WILSON, N.C. (WNCT) — The African American Music Trails is an exploration of the long and rich heritage of African American music in eastern North Carolina, with a goal to raise awareness about the music, musicians and places in the East.
The godfather of the trails, historian and musician Bill Myers, knows the area’s history inside and out.
“We’re trying to help people to remember how the music got started,” said Bill Myers. “There’s so much misinformation on where the music has come from and how it has evolved over the years, and we’d like to set the record straight on this.”
Music’s impact in the eastern part of the state is rich. So rich, that music legends like Bill Myers want to share with those that may not know.
“I didn’t have to read this; I lived this, so I have first-hand knowledge,” said Myers. “This is why this trail has become so important to us that we recognize those pioneers.”
While fame may be important for others, it’s the sacrifices Myers and countless other unsung heroes have made to lay down the foundation for the future.
“We don’t want to forget those people that played in the ‘chitlin’ circuit’ and made the 30 cents and had to walk in those kinds of places,” said Myers. “This is for the musicians who didn’t receive the recognition or the fame that these people like Pat Boone and Elvis got.”
Myers began his journey of informing the youth, during his time as a school teacher and principal in Wilson.
“I want people to know the importance of those people that played in those joints before we did, when I couldn’t even go into the hotel,” said Myers.

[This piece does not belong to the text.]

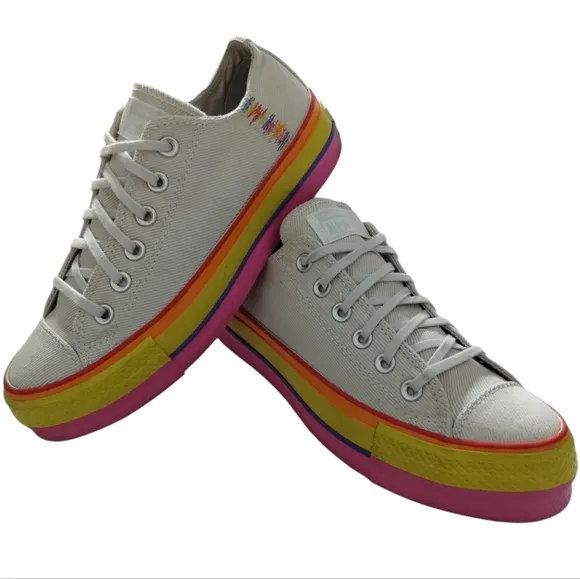 Converse All Star OG Womens Lift Low Tan Rainbow Platform Sneakers Size 7 Grunge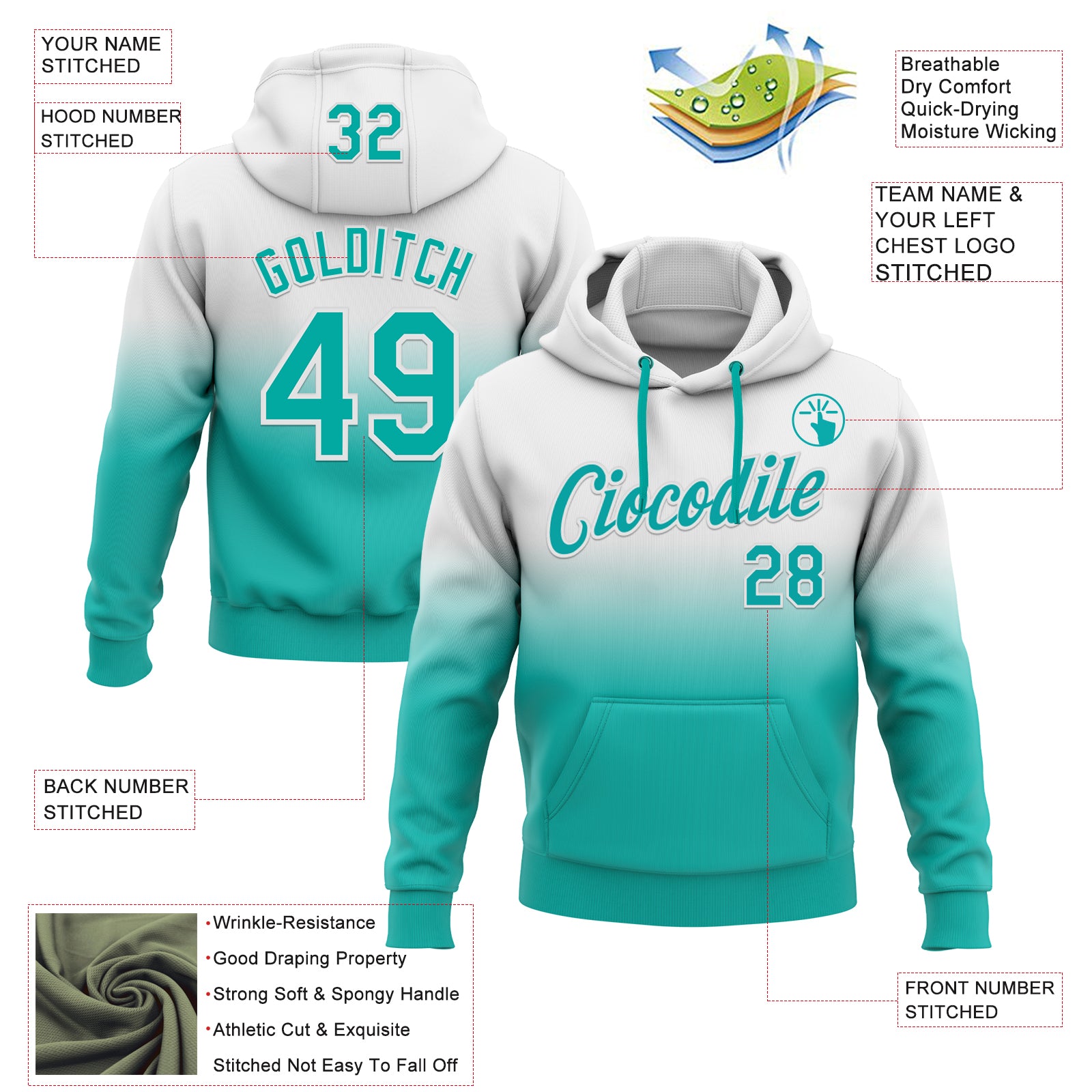 Custom Stitched White Aqua Fade Fashion Sports Pullover Sweatshirt Hoodie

And even at 85, Myers still hasn’t stopped sticking to his first love.
“Music is my life and I’d be lost without it,” said Myers. “I intend to play music as long as I have some breath, even though now my breath is getting shorter but as long as I can huff and puff and play that’s what I intend to do.”

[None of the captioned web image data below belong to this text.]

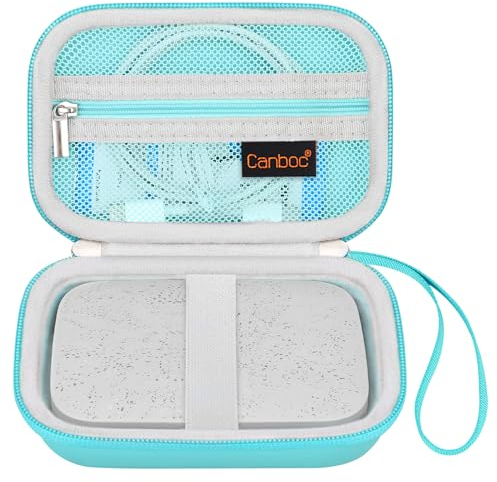 Canboc Tragetasche für HP Kettenrad Portable 2x3 Instant Photo Printer, Kodak Step Wireless Mobile Fotodrucker, Lifeprint 2x3 Fotodrucker, Reißverschluss Mesh Tasche passt Fotopapier Kabel, Grün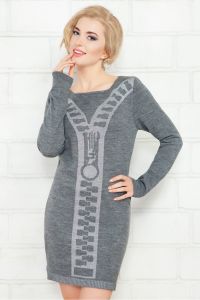 Sukienka z suwakiem F173 Szary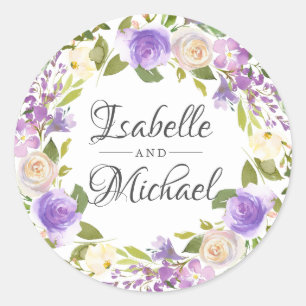 Rustic Purple and Ivory White Rose Floral Wedding Classic Round Sticker
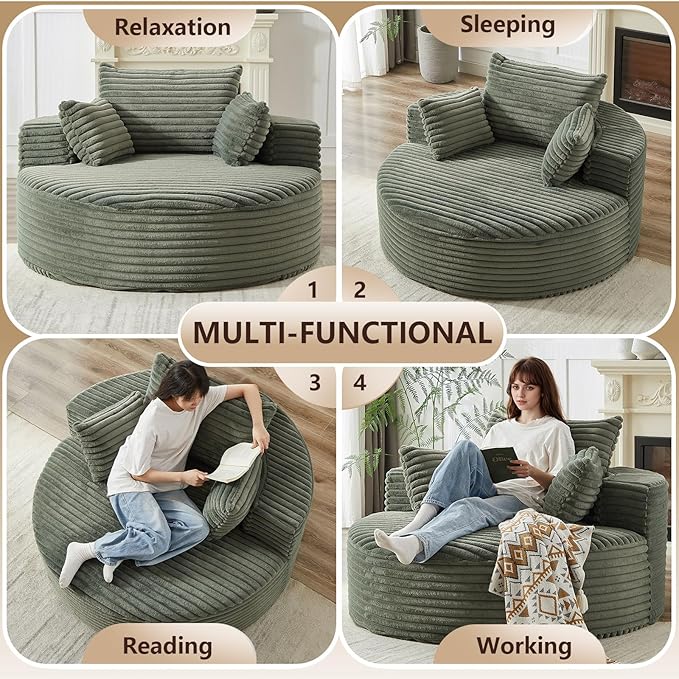 Oversized Round Chaise Lounge Chair Indoor 55'' Corduroy Deep Seat Circle Single Floor Sofa Chairs Modern Upholstered Sponge Armchair Cloud Sleeper Chair for Living Room Bedroom Apartment Green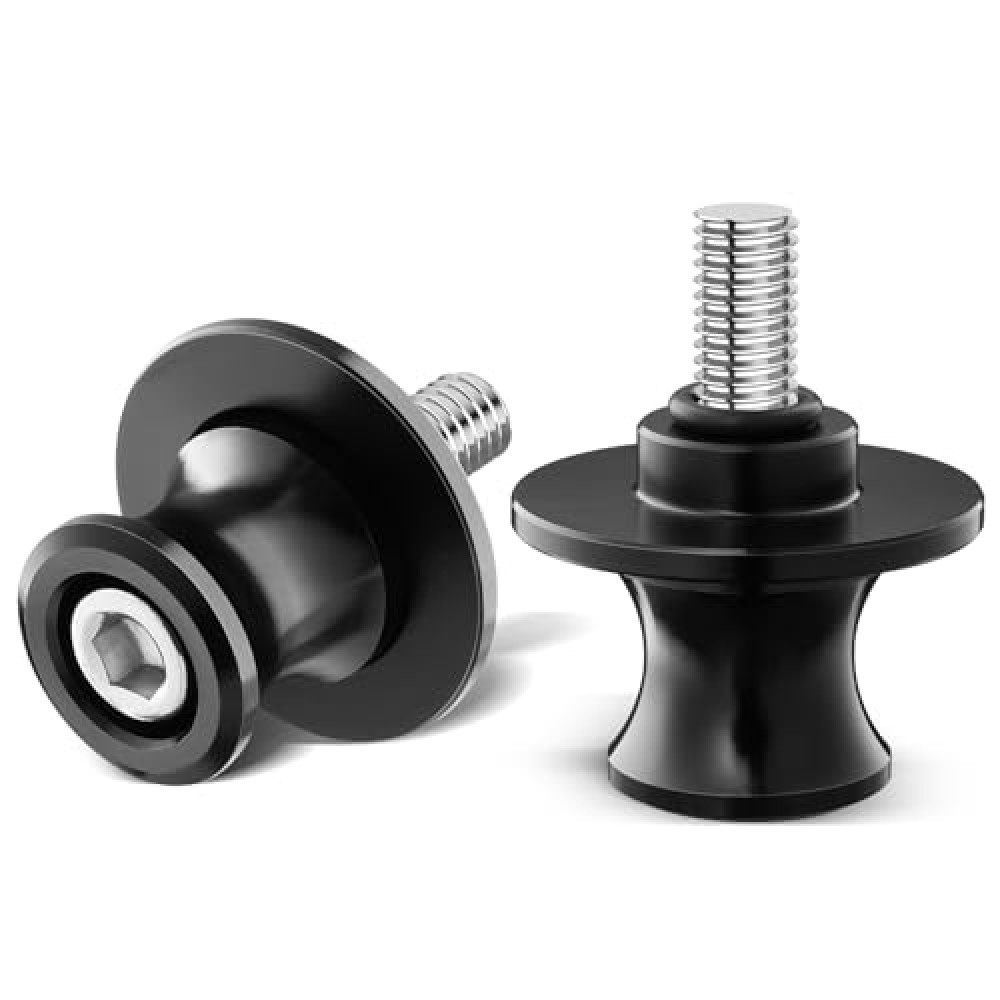 PBYMT 8MM M8 X 1.5 Motorcycle Swing Arm Spools Sliders CNC Swingarm Stand Screw Fit for Kawasaki Ninja ZX6R Z900 Vulcan, Triumph Trident 660, BMW S1000rr, Honda CBR 600rr, Suzuki GSXS (Black)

Myers isn’t the only one to recognize the influence of the historical trails in the east.
Carroll Dashiell is a music professor at East Carolina University who knows about the impact that history can have on the next generation.
“I think it’s very important because it is our heritage and so often we know more about our European brothers and sisters and their heritage which is part of our heritage but we forget about our roots,” said Dashiell.
Dashiell said music has also been important to him personally.
“My music, meaning the music that I play, has provided me with so many opportunities,” said Dashiell. “I’ve had the chance to travel the world many times to interchange musical ideas with so many professional musicians, celebrities and also my wonderful students too.”
One of those cities that’s reaped the benefits is Kinston, home to the Kinston Music Park, which is dedicated to remembering the legends of yesterday and today.
Sandy Patterson is the executive director of Kinston’s Arts Council.
Patterson said the opportunity to learn about the trailblazers in the East is beneficial for everyone.
“The history was being lost in all of the communities so these interviews were very important,” said Patterson. “We can enjoy the music but we can also enjoy the storyboards which gives us at least an encapsulated history of this really significant history here in Lenoir County.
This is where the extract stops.